**What is expected:**
All lines from the one containing "Steve Madden Animal print shoes" to the end of the material are to be given again exactly; leave out every line before it.

====== Data extracts

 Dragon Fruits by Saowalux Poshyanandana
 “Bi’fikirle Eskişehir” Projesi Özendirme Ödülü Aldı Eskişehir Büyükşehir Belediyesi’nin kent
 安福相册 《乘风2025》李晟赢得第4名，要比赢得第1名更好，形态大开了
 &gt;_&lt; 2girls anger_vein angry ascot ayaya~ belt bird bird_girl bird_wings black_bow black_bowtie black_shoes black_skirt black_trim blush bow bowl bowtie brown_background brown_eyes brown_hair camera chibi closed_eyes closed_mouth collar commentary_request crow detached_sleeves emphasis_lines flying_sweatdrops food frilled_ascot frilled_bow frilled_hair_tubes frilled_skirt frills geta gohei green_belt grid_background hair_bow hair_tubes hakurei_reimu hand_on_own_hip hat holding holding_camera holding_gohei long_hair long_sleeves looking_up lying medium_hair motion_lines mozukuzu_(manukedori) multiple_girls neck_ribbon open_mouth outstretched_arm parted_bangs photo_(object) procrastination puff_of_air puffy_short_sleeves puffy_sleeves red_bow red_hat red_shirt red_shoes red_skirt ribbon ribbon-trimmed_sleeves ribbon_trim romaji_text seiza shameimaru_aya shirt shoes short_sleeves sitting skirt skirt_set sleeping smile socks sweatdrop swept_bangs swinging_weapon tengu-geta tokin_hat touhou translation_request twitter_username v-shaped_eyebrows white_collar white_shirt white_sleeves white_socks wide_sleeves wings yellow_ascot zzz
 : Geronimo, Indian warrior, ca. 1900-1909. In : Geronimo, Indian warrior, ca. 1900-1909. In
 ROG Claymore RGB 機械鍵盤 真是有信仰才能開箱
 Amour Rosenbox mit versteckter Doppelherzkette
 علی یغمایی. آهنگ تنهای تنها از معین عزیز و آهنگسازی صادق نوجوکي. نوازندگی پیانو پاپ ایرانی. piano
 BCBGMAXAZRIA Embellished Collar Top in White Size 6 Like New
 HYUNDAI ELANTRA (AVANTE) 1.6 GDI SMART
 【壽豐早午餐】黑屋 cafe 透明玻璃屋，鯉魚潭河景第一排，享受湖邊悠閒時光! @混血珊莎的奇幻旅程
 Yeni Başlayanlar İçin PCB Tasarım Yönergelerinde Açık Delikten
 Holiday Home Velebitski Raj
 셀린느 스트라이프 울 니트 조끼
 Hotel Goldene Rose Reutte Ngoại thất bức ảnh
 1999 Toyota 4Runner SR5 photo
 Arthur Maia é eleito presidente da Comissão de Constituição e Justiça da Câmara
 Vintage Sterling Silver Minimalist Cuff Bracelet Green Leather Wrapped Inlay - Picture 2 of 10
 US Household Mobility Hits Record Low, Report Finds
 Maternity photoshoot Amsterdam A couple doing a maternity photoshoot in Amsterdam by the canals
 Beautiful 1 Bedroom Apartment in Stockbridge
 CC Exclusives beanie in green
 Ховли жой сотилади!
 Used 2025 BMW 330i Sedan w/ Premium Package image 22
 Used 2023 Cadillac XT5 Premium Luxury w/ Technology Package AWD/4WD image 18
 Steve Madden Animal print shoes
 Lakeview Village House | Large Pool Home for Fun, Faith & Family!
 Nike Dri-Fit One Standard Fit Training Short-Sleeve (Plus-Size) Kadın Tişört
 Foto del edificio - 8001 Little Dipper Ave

============

**Written answer:**
 Steve Madden Animal print shoes
 Lakeview Village House | Large Pool Home for Fun, Faith & Family!
 Nike Dri-Fit One Standard Fit Training Short-Sleeve (Plus-Size) Kadın Tişört
 Foto del edificio - 8001 Little Dipper Ave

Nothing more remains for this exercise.